Janeiro de 2026. O Flamengo entra em campo pelo Campeonato Carioca e a narrativa se repete: “obrigação de vencer”, “teste para o treinador”, “crise se não golear”. Vamos ser honestos? Isso é uma alucinação. Para um clube que fatura R$ 2 bilhões por ano e negocia contratações na casa dos € 40 milhões (como o caso Paquetá), o Estadual deixou de ser parâmetro de sobrevivência há muito tempo.
A “pressão” no Carioca é um mito alimentado pela rivalidade local, mas que não se sustenta na realidade financeira e técnica. O Flamengo não joga o mesmo campeonato que Boavista ou Madureira; joga, na prática, uma pré-temporada de luxo. E o maior erro que a diretoria e a comissão técnica podem cometer é cair na armadilha de tratar o estadual como fim, e não como meio.
O Abismo Financeiro e a Ilusão de Ótica no Flamengo
O Flamengo tem um orçamento de superclube. Seus rivais menores lutam para pagar a folha.
- O Risco da Vitória: Golear times frágeis cria a falsa sensação de que “o time está pronto”. É a ilusão que cai por terra na primeira rodada difícil de Libertadores.
- O Risco da Derrota: Tropeçar no início de ano, com pernas pesadas de pré-temporada, gera uma crise desproporcional que pode derrubar técnicos competentes antes da hora. O clube precisa se blindar. Ganhar o Carioca é bom? Sim. Mas perder o Carioca e ganhar a Libertadores é infinitamente melhor. A prioridade não pode ser invertida.
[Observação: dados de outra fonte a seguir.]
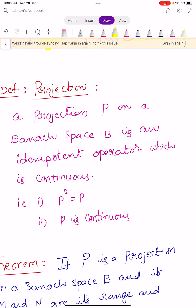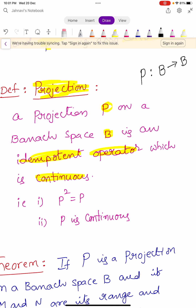B and B dash are Banach spaces, and T is a one-to-one continuous linear transformation of capital B onto B dash. Then T is a homeomorphism and T inverse is also continuous. Now we learn one very important definition: projection. A projection P on a Banach space capital B is an idempotent operator which is continuous. It satisfies P squared equals P, and P is continuous.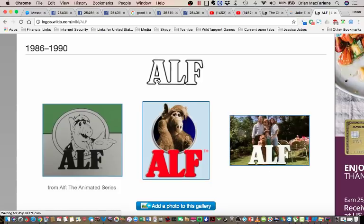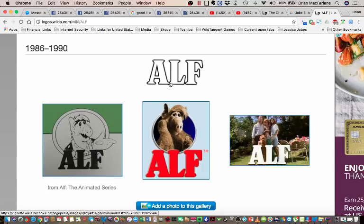Look at this. This is so weird. 1986 to 1990. A and the L. What are they doing? What are they trying to show us?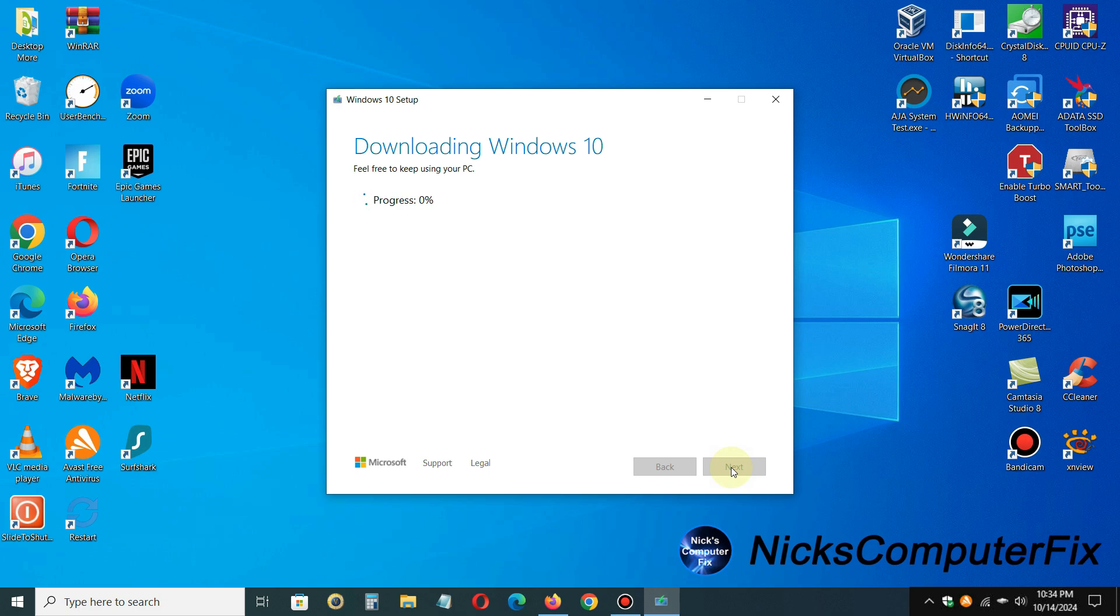Then it'll pop over to downloading Windows 10, and it will also say feel free to keep using your PC. Well, it's been my experience that if you keep using your PC while this is happening, it will take much longer to complete. So I recommend, if you can, don't use your PC. Just let this happen.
Laboratório de Inovação: O Que Deveria Acontecer
Em vez de escalar força máxima para garantir um 2 a 0 burocrático, o Flamengo deveria usar o Carioca como o Laboratório de Inovação de 2026.

- Testar Novos Sistemas: Como jogar com quatro meias criativos? Como encaixar Gerson, De La Cruz, Arrascaeta e um possível novo reforço? O Estadual é o lugar para errar taticamente sem medo.
- Rodagem da Base: O Flamengo revela craques (Vini Jr, Paquetá, João Gomes) dando espaço. O Carioca é o palco para o novo “Lorran” ou “Shola” ganhar casca, protegendo os titulares de lesões em gramados ruins.
- Físico vs. Técnico: Usar o torneio para periodização física, garantindo que o time voe em maio/junho, mesmo que isso custe um empate em fevereiro.
A “Armadilha” dos Clássicos
O único momento em que o Carioca simula a realidade é nos clássicos. Contra Botafogo, Fluminense e Vasco, o nível de exigência sobe. Mas até aí é preciso frieza. O Flamengo, com seu poderio, tornou-se o alvo a ser batido. Para os rivais, ganhar do Flamengo é um título à parte. Para o Flamengo, ganhar o clássico é afirmação de hierarquia, mas não define a temporada. Entrar na pilha de “vida ou morte” num Fla-Flu em fevereiro é gastar energia mental que será necessária contra um River Plate ou Palmeiras lá na frente.